How the US and Saudis Can Get Past the OPEC+ Dispute

https://www.bloomberg.com/opinion/articles/2022-10-15/democrats-can-t-let-opec-spat-derail-us-saudi-relationship?srnd=opinion&sref=tp95wk9l

Washington feels betrayed. Riyadh doesn’t understand why. A resetting of the Carter doctrine could restore trust between them.

The sudden crisis in US-Saudi relations is one of the worst — yet most unnecessary — in a partnership that has lasted almost 80 years. While it’s understandable that Americans are outraged at a decision by the Saudi-led OPEC+ group to cut petroleum production and bolster prices, both sides have failed to understand each other’s perspectives.

Viewing the production cut through the prism of the Ukraine war — Russia is part of the OPEC+ coalition — Washington feels betrayed. President Joe Biden’s administration believed that it had assurances Saudi Arabia would not raise prices, especially with Europe facing a cold winter and a lack of Russian natural gas. Washington, along with the United Arab Emirates, unsuccessfully urged the Saudis not to take this step.

The US perception is that Saudi Arabia instead sided with Moscow, given that high oil prices will strengthen the Russian economy against sanctions. The Saudis have also stumbled into US domestic politics. Democrats in general have a negative view of Saudi Arabia, bluntly expressed by candidate Joe Biden in 2019 when he threatened to treat the country as a “pariah.” Democrats in Congress are now threatening Saudi Arabia with harsh reprisals and want to downgrade the relationship with what they see as a faithless ally.

This attitude is partly rooted in the perception that the Saudis are aligned with Republicans, especially former President Donald Trump. They assume Riyadh is attempting to put its thumb on the scale to help Republicans in next month’s congressional elections and even set the stage for a Trump comeback.
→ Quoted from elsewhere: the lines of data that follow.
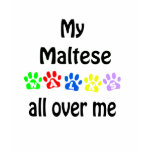 Maltese Walks Design Maltese Walks Design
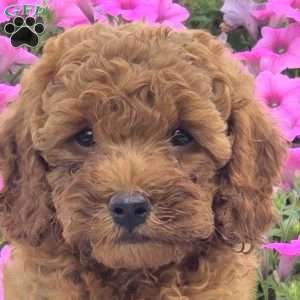 Mike, Cockapoo Puppy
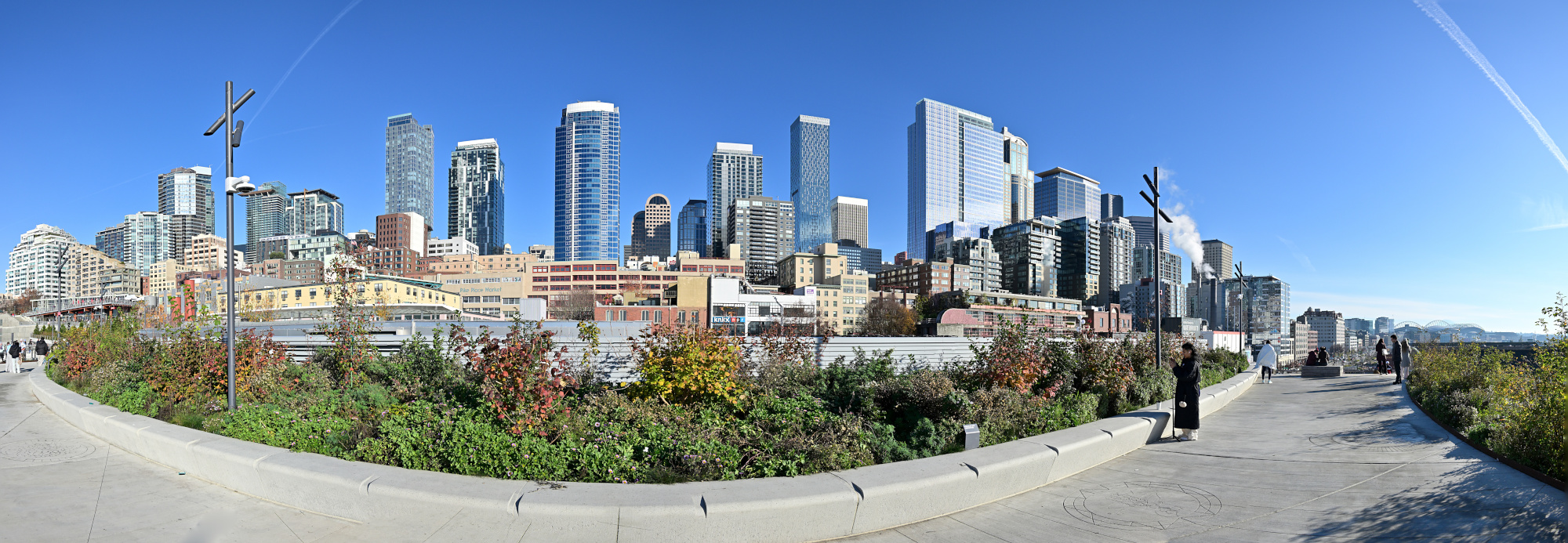 Seattle Skyline and Market on a Sunny Sunday - Borbin the 🐱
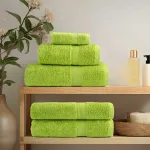 Prosop pentru musafiri SOLUND 4 pcs Verde 15 x 21 cm 550 gsm GartenMobel Dekor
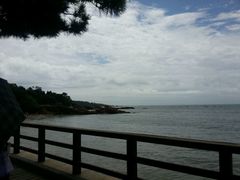 android_upload_pic-八大关景区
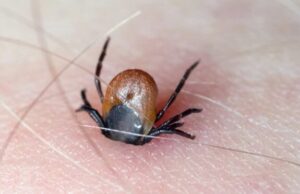 Речиси половина милион Американци развиле алергија на месо поради каснување од крлеж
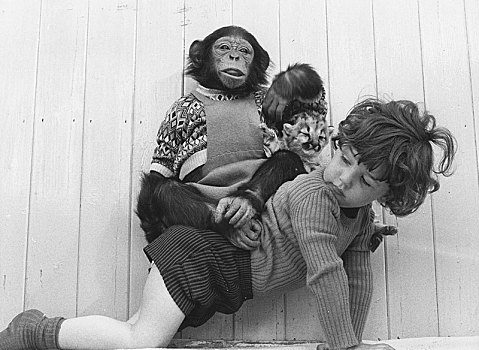 孩子,黑猩猩,幼狮,背影,英格兰,英国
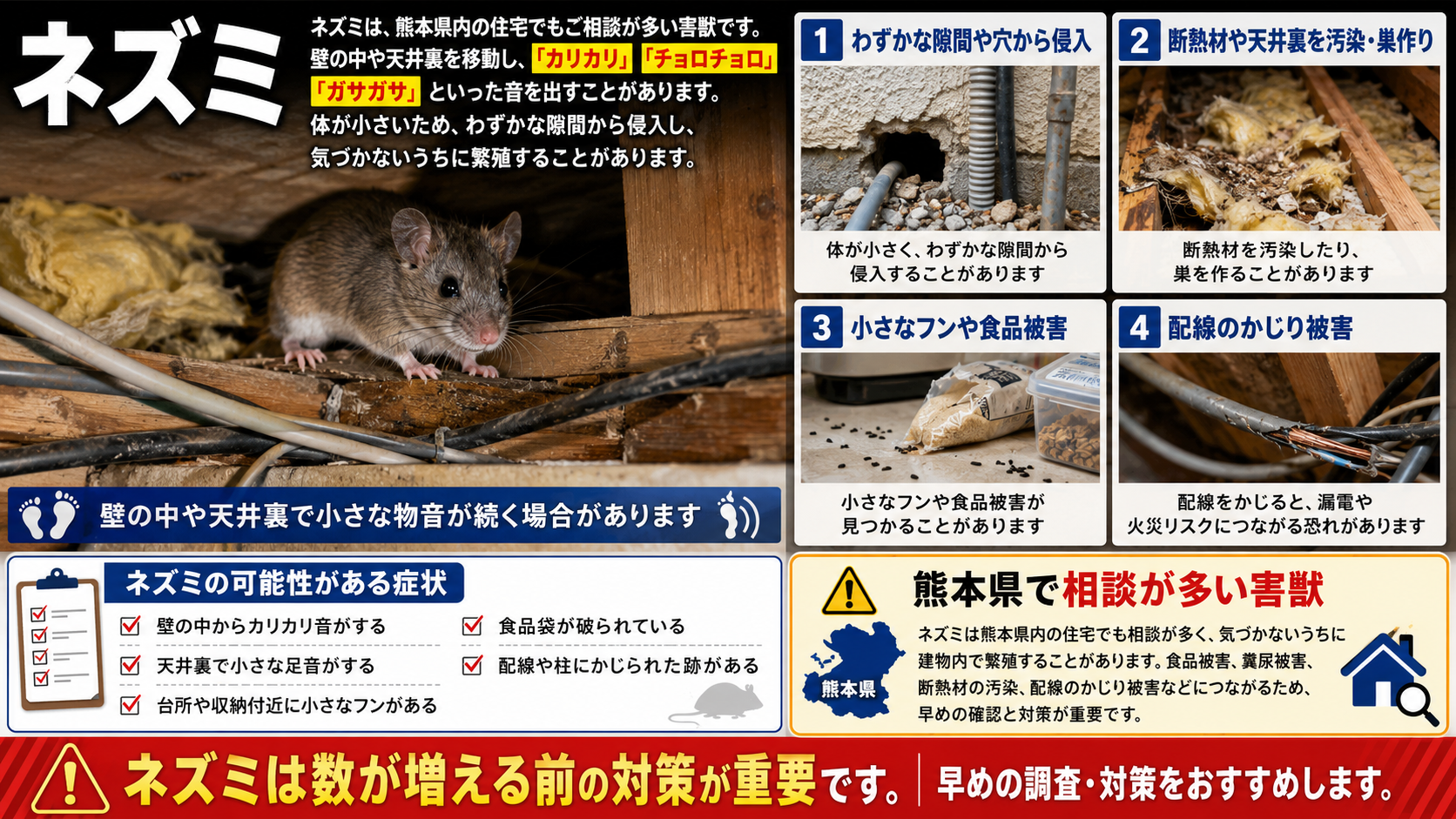 屋根裏のネズミ被害として、侵入口・断熱材汚染・小さなフン・食品被害・配線かじり被害と、熊本県で多い症状を解説した16対9の注意喚起画像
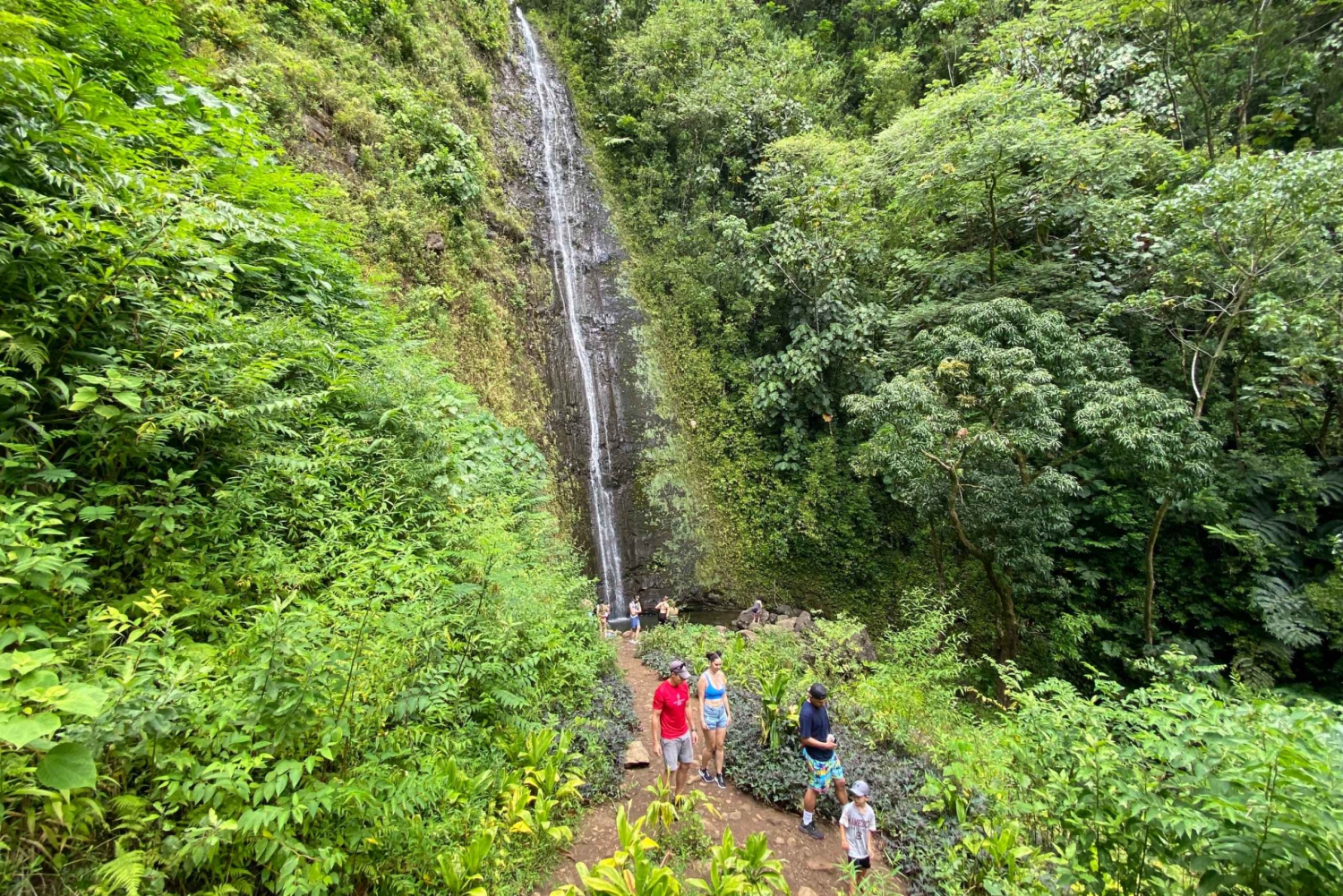 Oahu : Randonnée privée dans la vallée de Manoa et chute d'eau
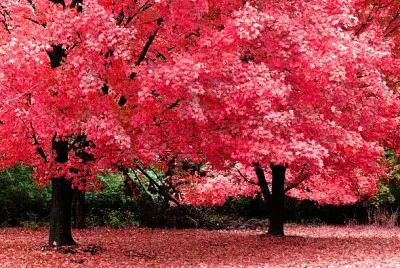 NATURALEZA jigsaw puzzle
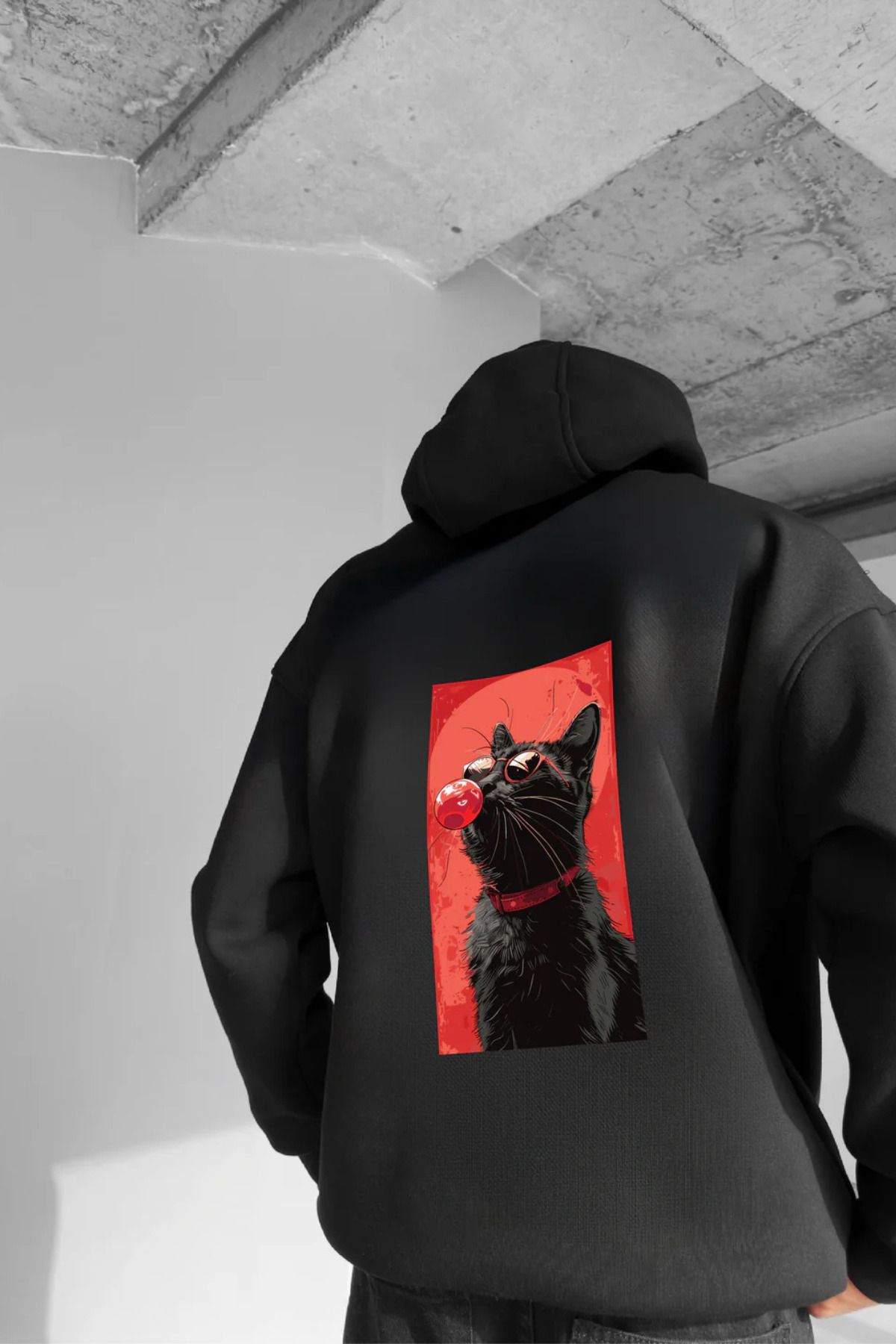 Wish BF Havalı Kedi Baskılı Kapüşonlu Sweatshirt Hoodie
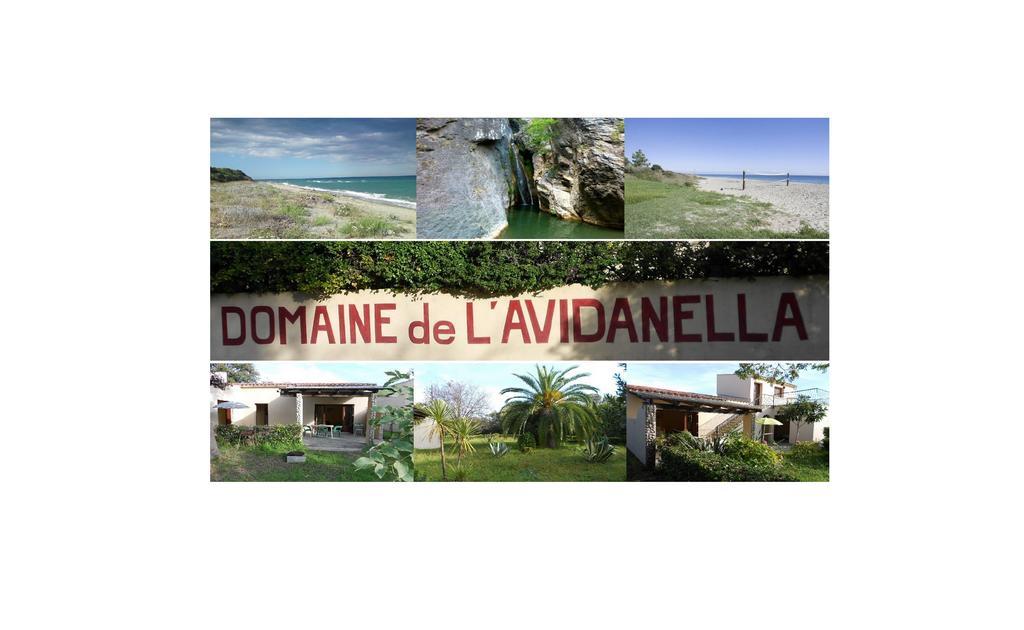 Ferienwohnung Domaine De L'Avidanella Santa-Lucia-di-Moriani Exterior foto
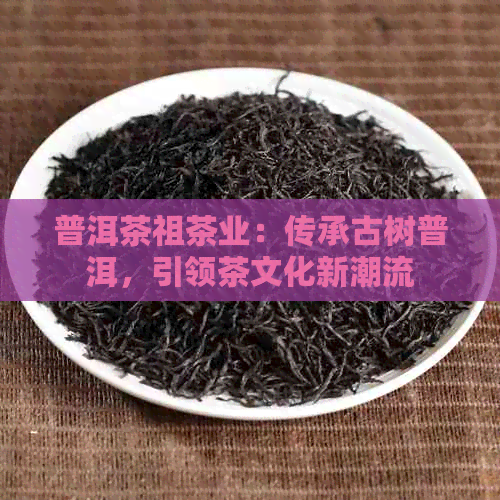 普洱茶祖茶业：传承古树普洱，引领茶文化新潮流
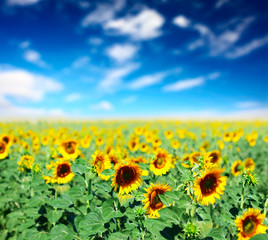 Fototapeta premium Sunflowers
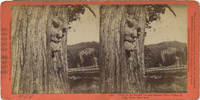 Nick of The Woods, Lake Tahoe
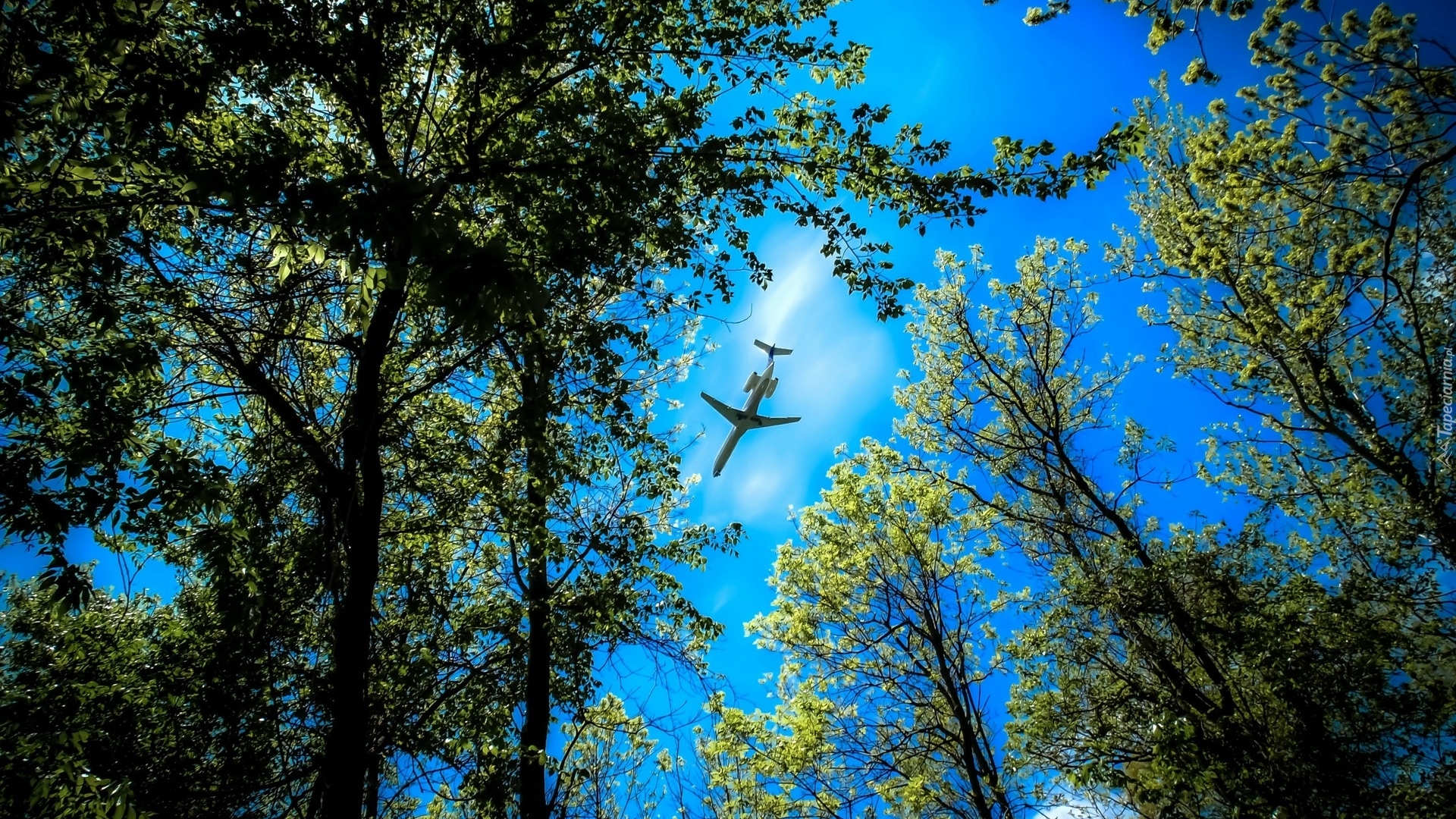 Drzewa, Samolot, Niebo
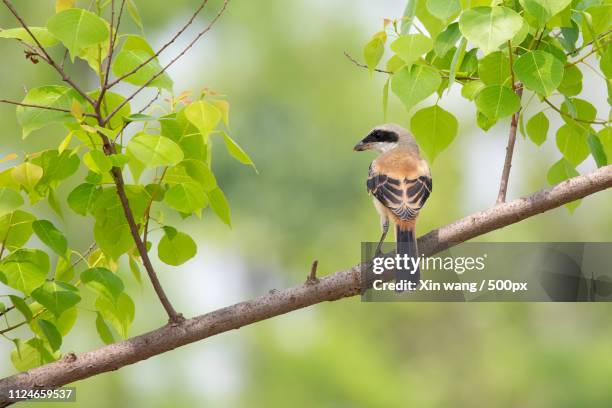 close-up of long-tailed shrike (lanius schach) - lanius schach stock pictures, royalty-free photos & images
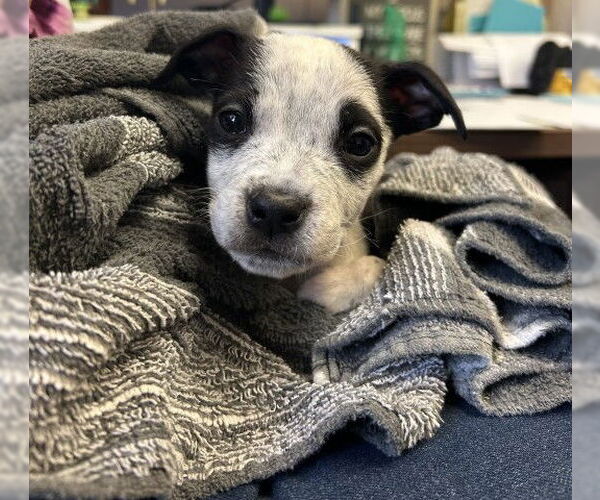 Medium Photo #1 Mutt Puppy For Sale in San Bernardino, CA, USA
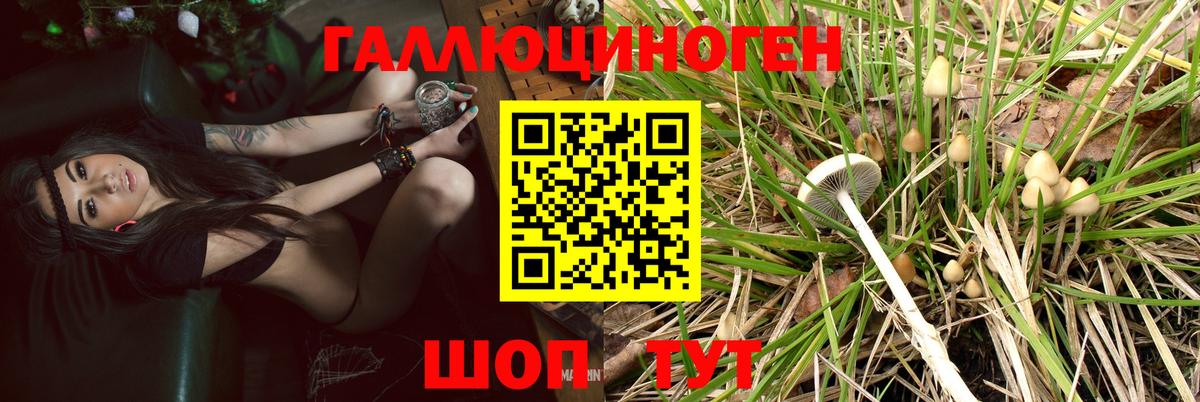 Ликино-Дулёво  Псилоцибиновые грибы MAGIC MUSHROOMS  Вход с VPN 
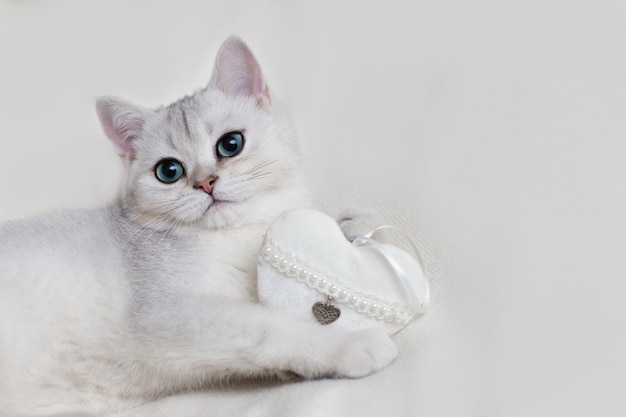 Cute white british kitten on a white knitted blanket with a white textile heart holds in its paws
The Saudis have a very different point of view. The official line is that it is “just an economic decision” — but it’s more than that. It’s a strategic move in the broadest sense, yet not aimed against Washington and even less toward Moscow. Saudi Arabia is attempting an epochal socio-economic transformation in short order. The country has a few decades to use its remaining oil revenue to remake itself into a society that can function without relying on petroleum exports.

It had a long-term policy of seeking to maintain oil at $100 a barrel, which Washington was comfortable with for a long time. In recent months, the price per barrel was steadily dropping, and the OPEC+ move was designed to maintain an $80 per barrel minimum and, the Saudis hope, sustain it at $90 per barrel, consistent with their development plans.

The Saudis weren’t thinking about Ukraine — like many people in Asia and Africa, they don’t think in absolute terms of being pro- or anti-Russian — although that was certainly shortsighted. And it’s frankly narcissistic for Democrats to imagine that the Saudis are adjusting their national grand strategy around the upcoming midterm vote. Once the Trump administration declined to respond to the devastating Iranian drone and missile attacks on Saudi Aramco facilities in September 2019, any lingering sense that Republicans were the answer for Saudi concerns evaporated.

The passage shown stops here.